Zfone bypasses all this, and demonstrates the futility of legislating against secrecy. It doesn't matter if the spooks or the Milk Marketing Board record all your IP traffic; they won't be able to read it. It doesn't matter whether they demand the keys used to actually encrypt the data; you don't know them, because they're generated by the software, and they're destroyed immediately after the call anyway. Not that they'd work again. The only thing that could stop Zfone from doing its job would be if it was made illegal itself — and that sort of legislation is pointless, ineffective and actually dangerous.
But criminals might use Zfone, you cry. Yes, says Zimmermann, and they might tap your phone calls too. There might even be criminals in government, the police and the Milk Marketing Board. I know these places are populated exclusively by paragons of virtue, but one day, one might slip through the net.
There are two endpoints for encryption legislation. One is where all our data is visible to everyone, hung around our neck like an RFID-readable passport in a clear plastic bag. One is where we protect what we own to protect our privacy and prevent harm, and accept that other people will protect things that we might not like and may come to harm us. I know which mode makes me feel safer.
So does Phil Zimmermann: long may he give the people in the shadows sleepless nights.
Much fun in Massachusetts, where AOL is once again in the news over its search methods.
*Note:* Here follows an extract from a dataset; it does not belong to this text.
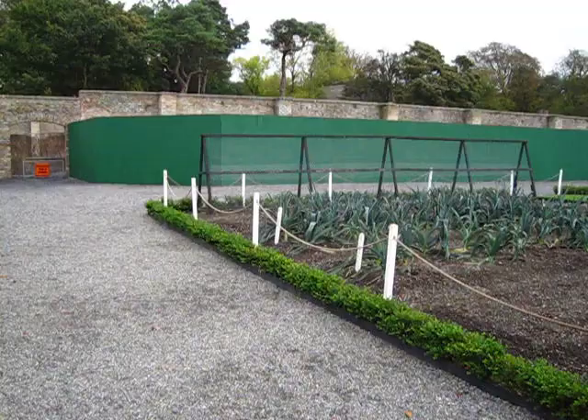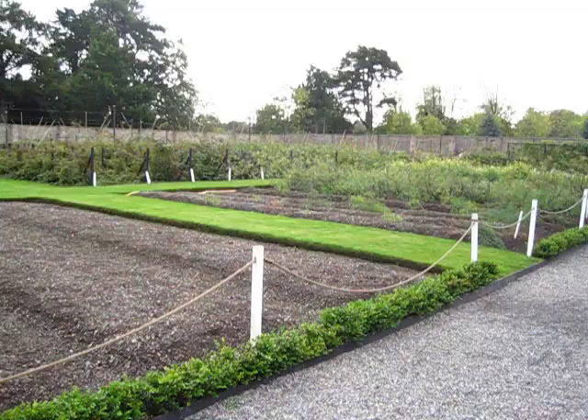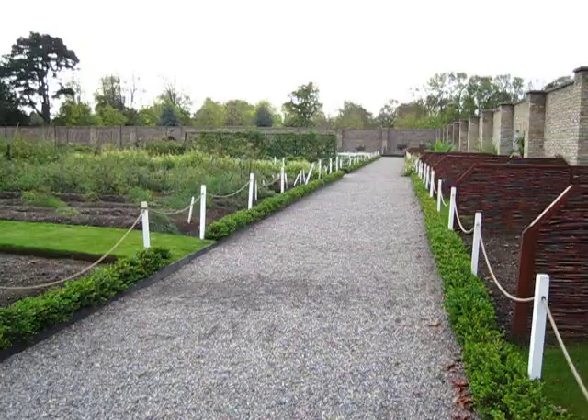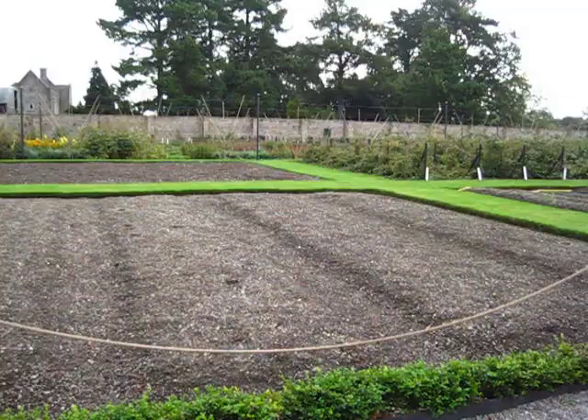Today is Tuesday the 4th of October 2011 and on my walk today I'm visiting this beautiful Victorian walled garden. This beautiful garden is located in Dublin's Phoenix Park just beside Ashtown Castle. Phoenix Park of course is the largest city park in Europe and in fact it's twice the size of New York's Central Park.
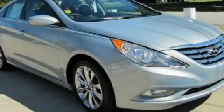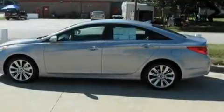This is a brand-new 2011 Hyundai Sonata. It features a 2.4-liter four-cylinder engine and a six-speed automatic transmission.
This time, it's physical — the company wants to dig up a garden. Yes, with spades and shovels and elbow grease. The occasion of this impromptu al fresco dirtfest is the disappearance of one Davis Wolfgang Hawke, spammer. He was fined $12.8m for his spammish activities, but was unaccountably absent from proceedings. So were the millions of dollars he'd made and converted into gold and platinum bars — these were due to be handed over to AOL, but since neither they nor Hawke were available for comment, the company is still empty handed.
For reasons I don't fully understand, AOL has convinced itself that the loot is stashed in the garden behind Hawke's parents' house. Hence the digging. You've got one last chance to come clean, the company told his mother, or suffer the embarrassment of having us turn over the petunias.
What would you say in the circumstances? Oh, please don't dig up my garden, Mr AOL? Here, take the buried treasure — I'd willingly hand over millions just to be spared? Peggy Greenbaum, the lady in question, is somewhat more resolute. She's in agreement that somebody's going to look darn foolish over this affair, but differs on the point of exactly who. The money and her son are miles away and she knows not where, she says, but if it makes you happy then dig yourself up a party.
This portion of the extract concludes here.